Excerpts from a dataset
+---+
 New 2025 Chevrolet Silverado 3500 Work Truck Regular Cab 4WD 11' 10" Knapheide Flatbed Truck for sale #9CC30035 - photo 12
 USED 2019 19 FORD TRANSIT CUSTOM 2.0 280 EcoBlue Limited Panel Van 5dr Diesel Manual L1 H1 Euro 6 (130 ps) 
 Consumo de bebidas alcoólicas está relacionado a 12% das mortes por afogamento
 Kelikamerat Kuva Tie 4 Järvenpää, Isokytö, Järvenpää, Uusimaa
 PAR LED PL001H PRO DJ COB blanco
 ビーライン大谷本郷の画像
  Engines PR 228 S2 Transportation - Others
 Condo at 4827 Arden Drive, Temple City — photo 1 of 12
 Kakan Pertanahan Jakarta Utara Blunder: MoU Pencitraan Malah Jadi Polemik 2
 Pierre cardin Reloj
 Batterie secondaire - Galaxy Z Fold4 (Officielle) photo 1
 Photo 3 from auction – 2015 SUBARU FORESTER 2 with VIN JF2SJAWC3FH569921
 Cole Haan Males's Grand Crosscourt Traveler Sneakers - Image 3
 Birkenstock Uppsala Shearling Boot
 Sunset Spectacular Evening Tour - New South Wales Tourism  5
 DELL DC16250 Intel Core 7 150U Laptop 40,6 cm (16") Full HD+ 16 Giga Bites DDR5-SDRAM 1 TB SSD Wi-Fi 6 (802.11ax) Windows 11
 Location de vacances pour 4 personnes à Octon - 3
+---+
# DIRECTIONS:
Copy the entries exactly, leaving no line out.

# RESPONSE TO THE TASK:
 New 2025 Chevrolet Silverado 3500 Work Truck Regular Cab 4WD 11' 10" Knapheide Flatbed Truck for sale #9CC30035 - photo 12
 USED 2019 19 FORD TRANSIT CUSTOM 2.0 280 EcoBlue Limited Panel Van 5dr Diesel Manual L1 H1 Euro 6 (130 ps) 
 Consumo de bebidas alcoólicas está relacionado a 12% das mortes por afogamento
 Kelikamerat Kuva Tie 4 Järvenpää, Isokytö, Järvenpää, Uusimaa
 PAR LED PL001H PRO DJ COB blanco
 ビーライン大谷本郷の画像
  Engines PR 228 S2 Transportation - Others
 Condo at 4827 Arden Drive, Temple City — photo 1 of 12
 Kakan Pertanahan Jakarta Utara Blunder: MoU Pencitraan Malah Jadi Polemik 2
 Pierre cardin Reloj
 Batterie secondaire - Galaxy Z Fold4 (Officielle) photo 1
 Photo 3 from auction – 2015 SUBARU FORESTER 2 with VIN JF2SJAWC3FH569921
 Cole Haan Males's Grand Crosscourt Traveler Sneakers - Image 3
 Birkenstock Uppsala Shearling Boot
 Sunset Spectacular Evening Tour - New South Wales Tourism  5
 DELL DC16250 Intel Core 7 150U Laptop 40,6 cm (16") Full HD+ 16 Giga Bites DDR5-SDRAM 1 TB SSD Wi-Fi 6 (802.11ax) Windows 11
 Location de vacances pour 4 personnes à Octon - 3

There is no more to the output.